Source data:

++++++

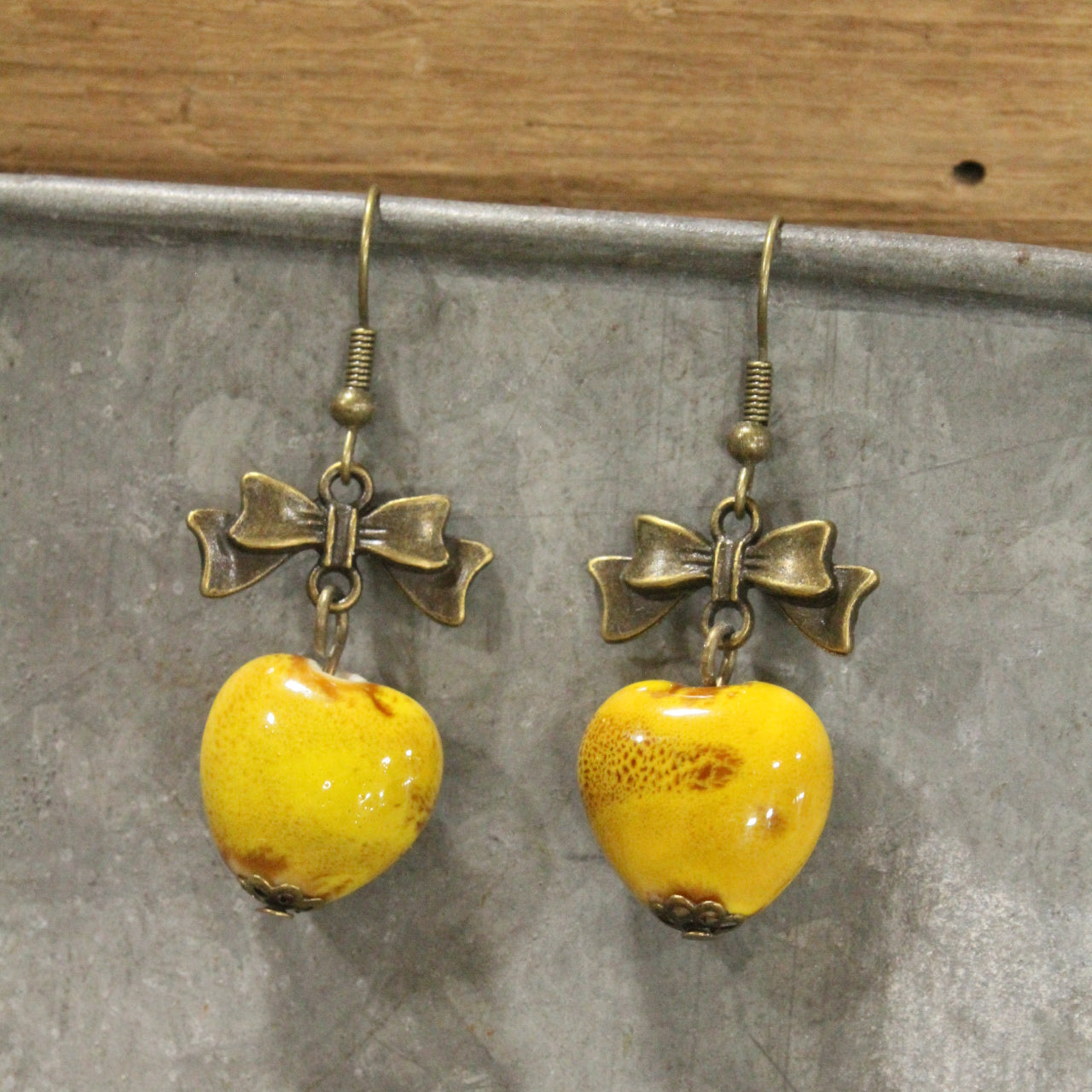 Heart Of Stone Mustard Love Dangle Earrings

++++++

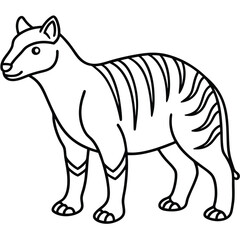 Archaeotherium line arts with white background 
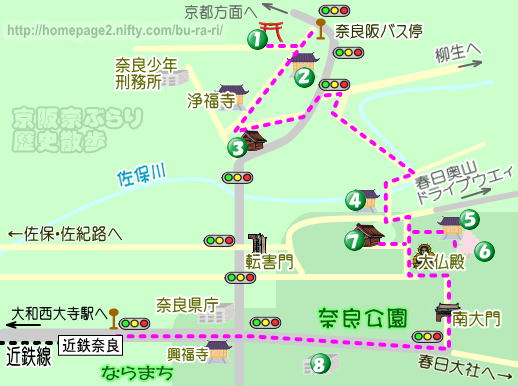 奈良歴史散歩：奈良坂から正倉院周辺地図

++++++

Work to be completed: Starting at the line above that holds "Archaeotherium line arts", repeat every line exactly down to and including the line that holds "奈良歴史散歩：奈良坂から正倉院周辺地図", then stop. Do not carry over any pictures.

Answer for the task:
 Archaeotherium line arts with white background 
 奈良歴史散歩：奈良坂から正倉院周辺地図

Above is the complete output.